Es begegnet mir ein Demonstrationszug von vielleicht 50.000 Arbeitern, Männern und Frauen, aus den führenden Betrieben, die bisher die Gefolgschaft der radikalen Führer waren. Auf ihren Schildern steht „Nieder mit den Waffen“, „Wir wollen kein Blutvergießen“, „Einigkeit mit oder gegen die Führer“. Dieselben Männer, die noch vor wenigen Tagen den radikalsten Forderungen gedankenlos zugestimmt haben, erkennen jetzt, daß nur nicht kein Erfolg auf diese Weise erzielt werden kann, sondern befürchten Arbeitslosigkeit und dadurch Verlust des bisher Erreichten.

Die Generale haben keine Truppen mehr!

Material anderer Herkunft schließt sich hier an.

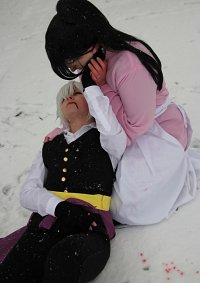 Cosplay-Cover: Chizuru Yukimura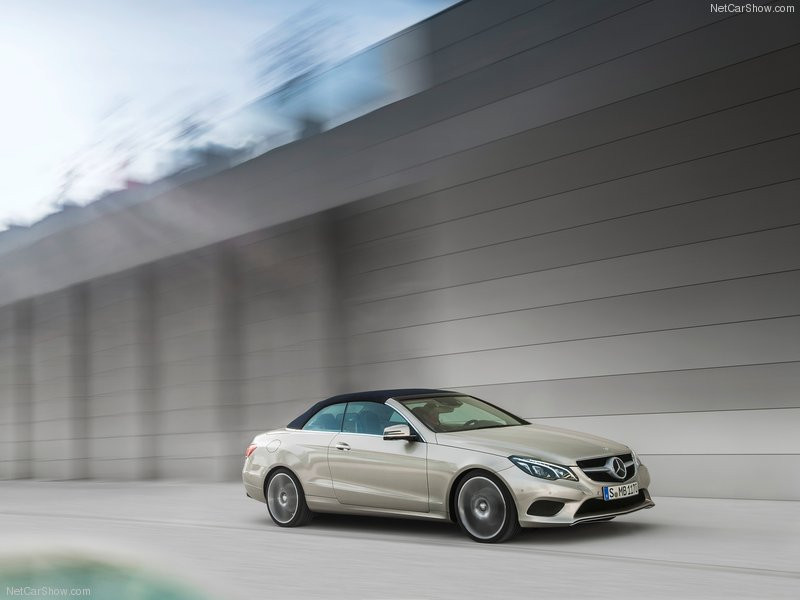 Mercedes-Benz E-Class Cabriolet фото 104472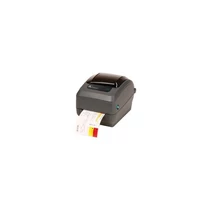 Zebra cimkenyomtató, GX420t rev2, (203 dpi), TT, cimke leválasztó, EPL, ZPL, multi-IF, print szerver (ethernet)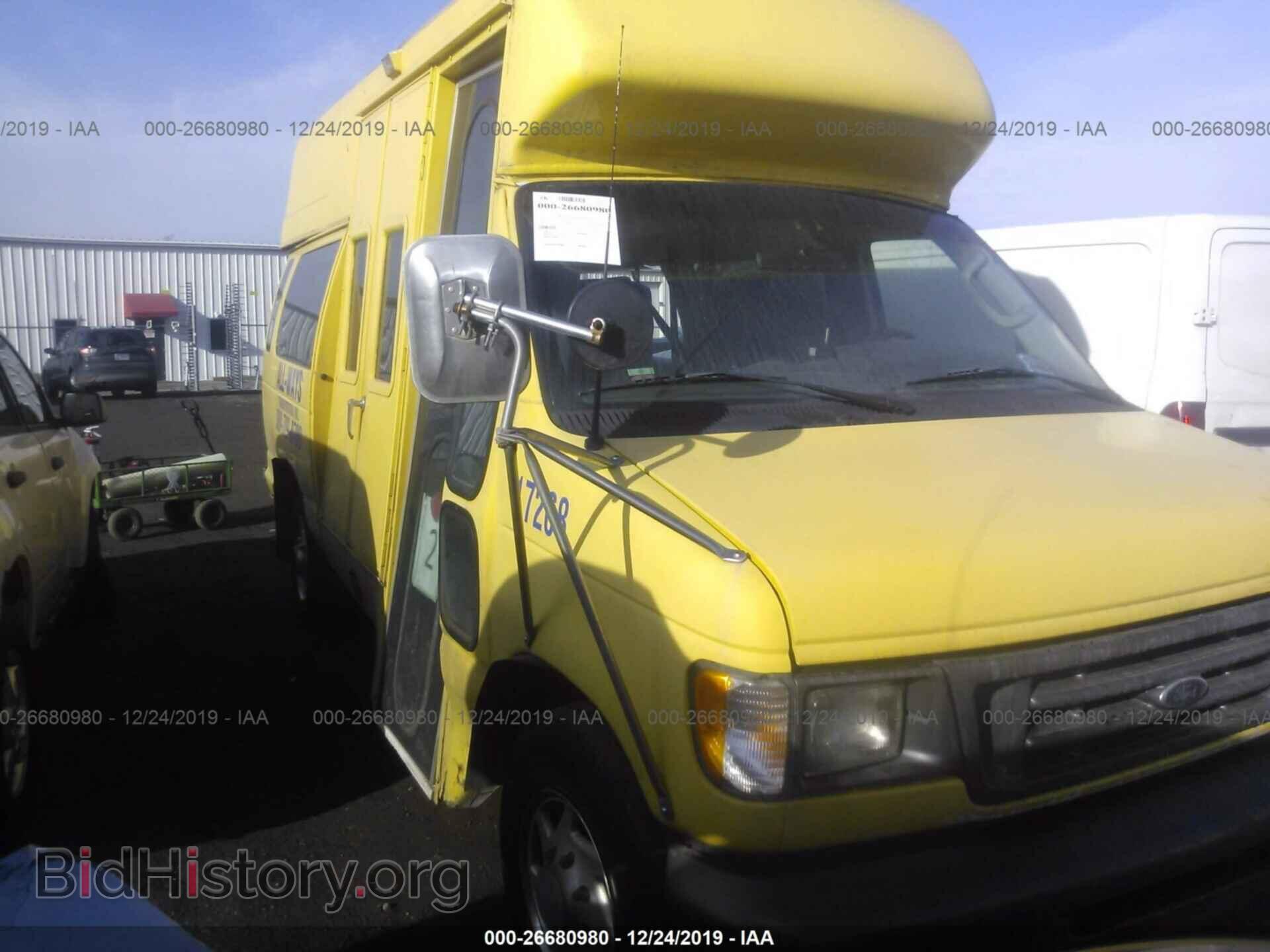 Photo 1FTSS34L23HA02637 - FORD ECONOLINE 2003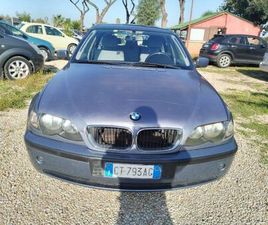 BMW SERIE 3 TOURING 320 D TURBODIESEL CAT TOURING ELETTA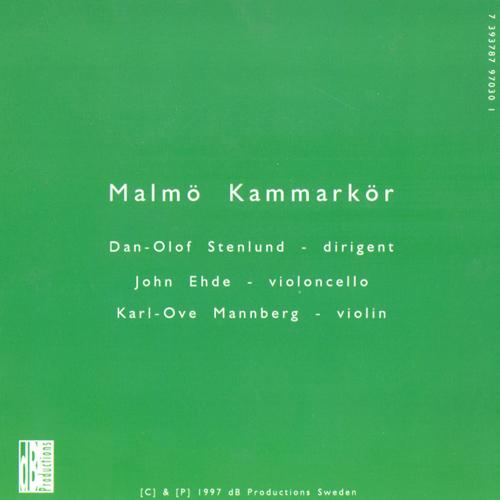 4 Lyric Poems for Violin and Mixed ChoirNo. 1. Vagor, vagor mina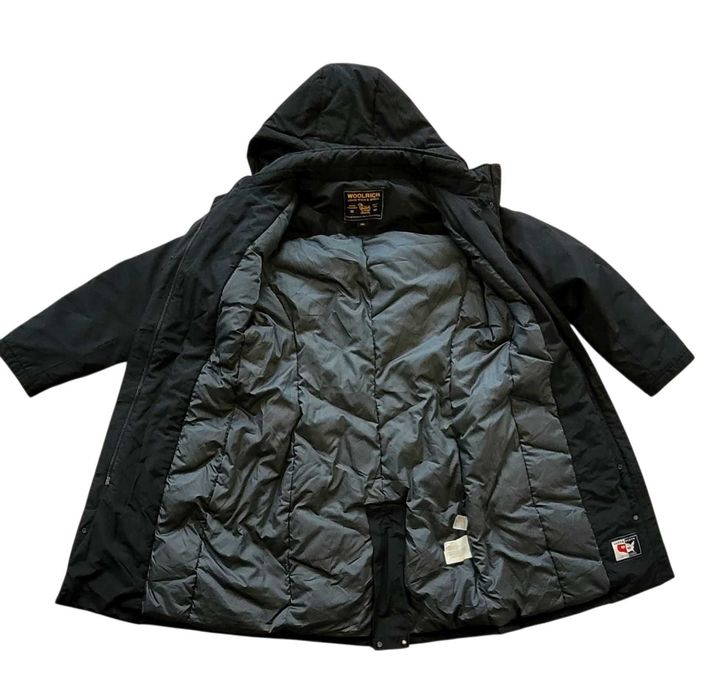 марково Woolrich зимно дамско пухено парка палто яке р.2XL САЩ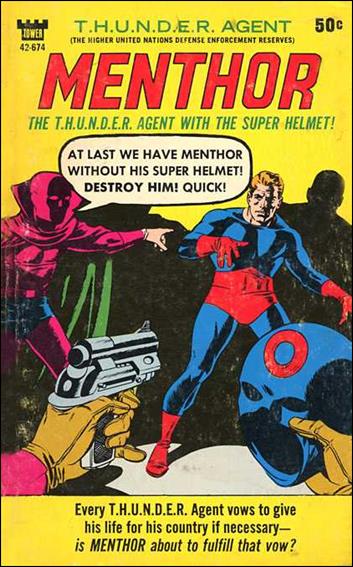 Menthor issue 1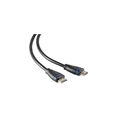 Shiverpeaks Καλώδιο HDMI αρσενικό σε αρσενικό 10 μέτρα Μαύρο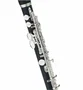 Pearlflute Flautín Piccolo Quantz Pfp105E Grenaditte High Wave avec étui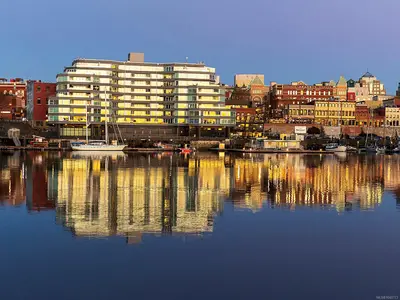 1234 Wharf St #603, Victoria BC V8W 3H9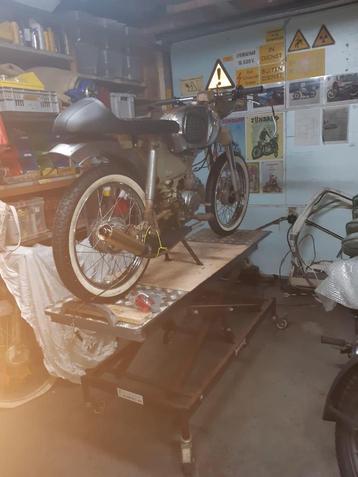 Opruiming Kreidler Florett caferacer project 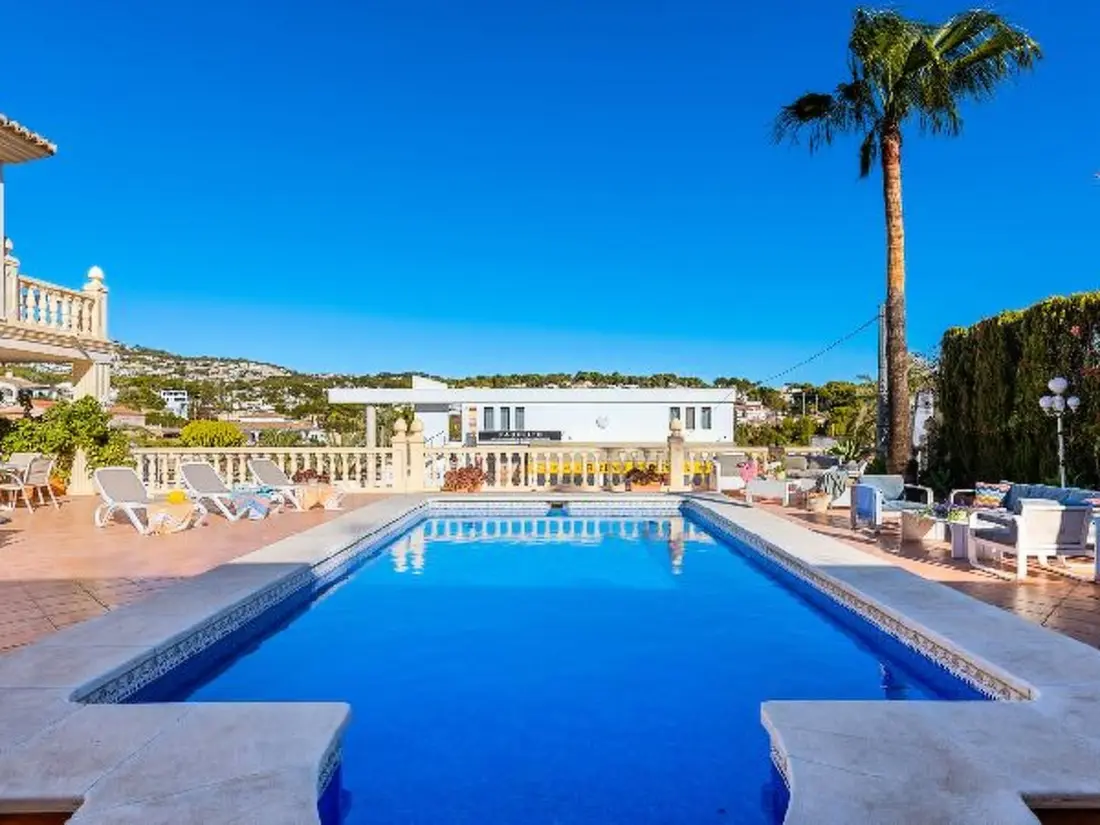 Maison de Vacances Benissa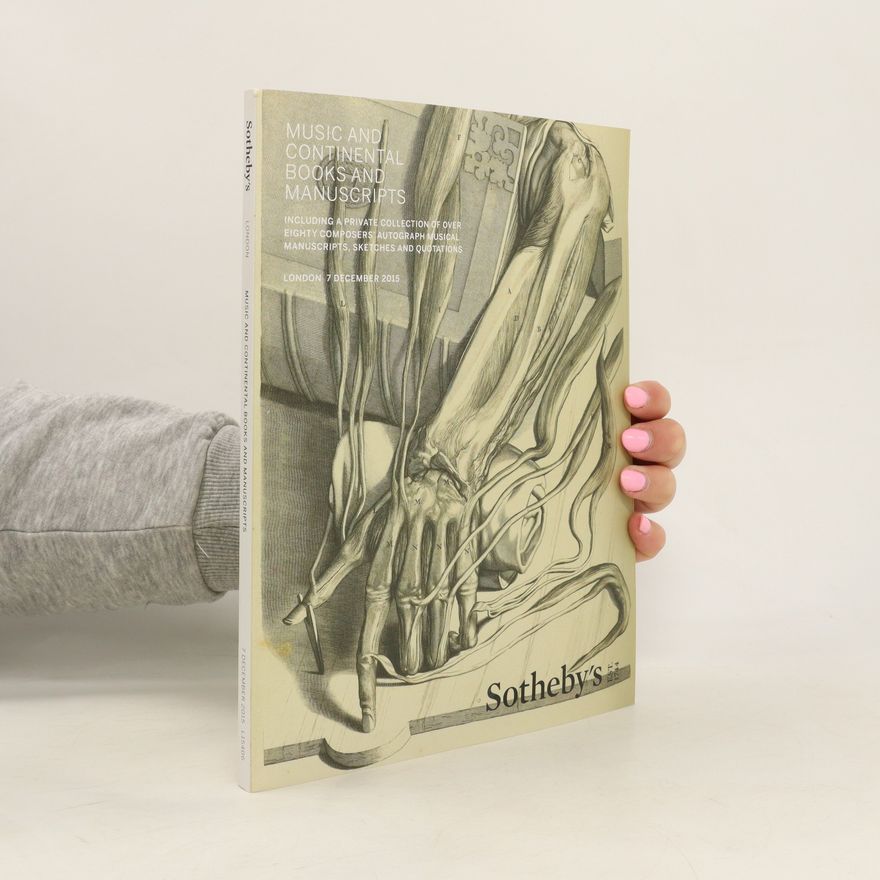 Autorenkollektiv Music and Continental Books and Manuscripts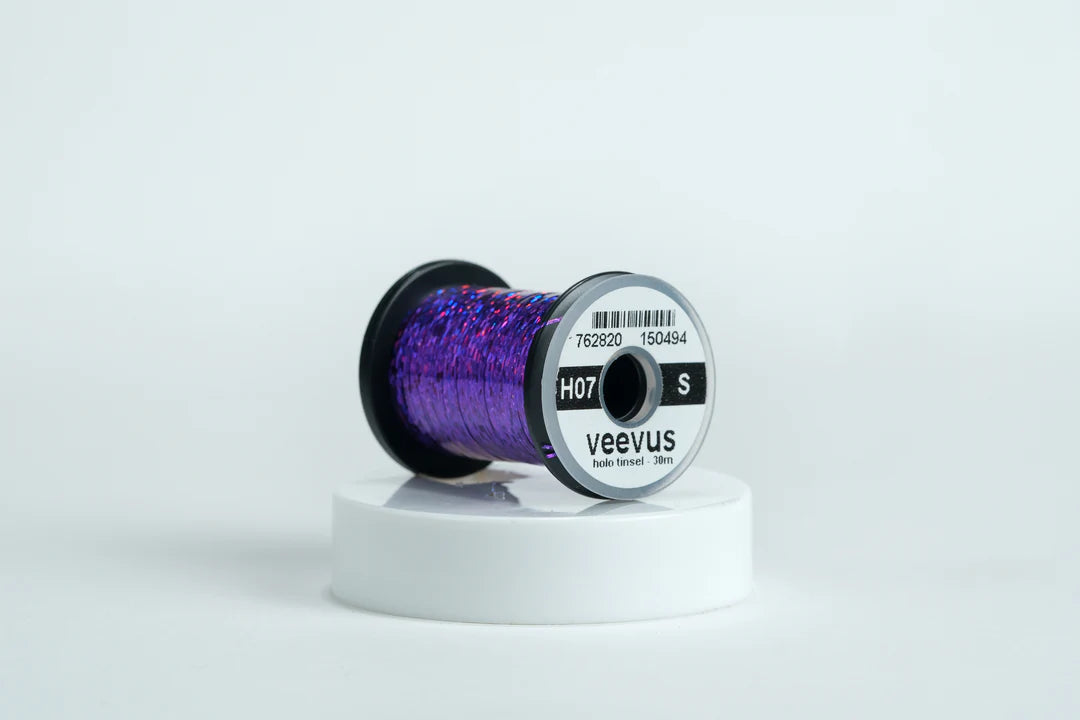 Veevus Holographic Tinsel
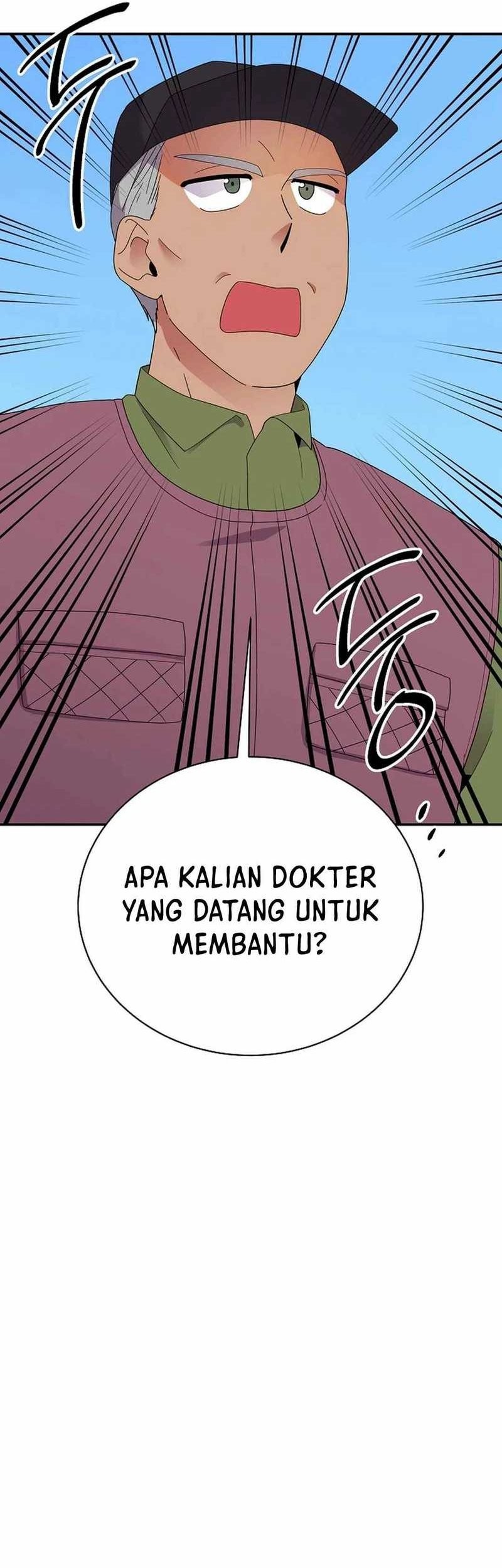 The Miraculous Physical Therapist Chapter 47 - halaman 41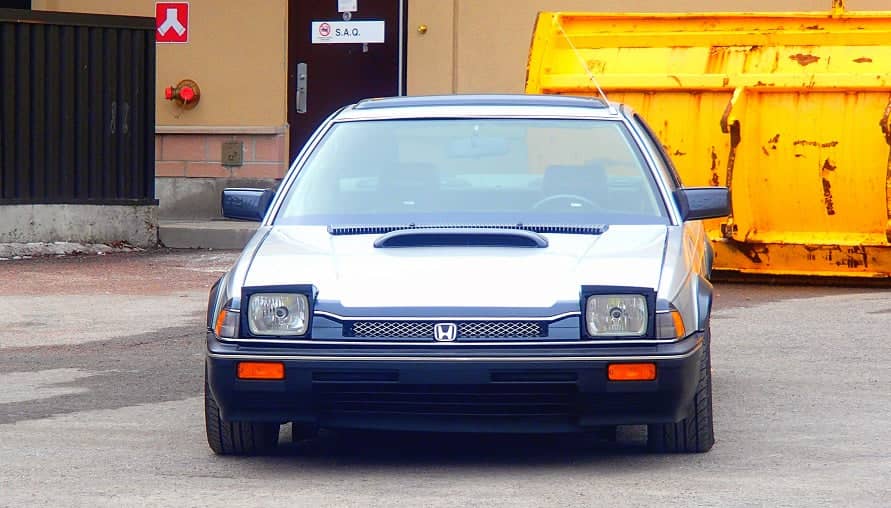 Combinés Filetés CEIKA Sur-Mesure Honda Prelude 2G AB BA BB (83~87)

Das Erkennen erwacht in der Masse, aber jetzt darf es keinen Vergleich mehr geben, jetzt muß die Autorität der Regierung fest begründet werden, sonst ist alles verloren.

Während diese friedlichen Massen an mir vorbeiziehen zum Abgeordnetenhaus, ertönen Schüsse von verschiedenen Seiten. Als ich zum Anhalter Bahnhof komme, wird die Straße gesäubert. Als neue Schüsse fallen, stürzen alle Menschen in die Seitenstraßen. Eine merkwürdige Mischung von Geschäftsbetrieb, friedlicher Demonstration und Kriegführen!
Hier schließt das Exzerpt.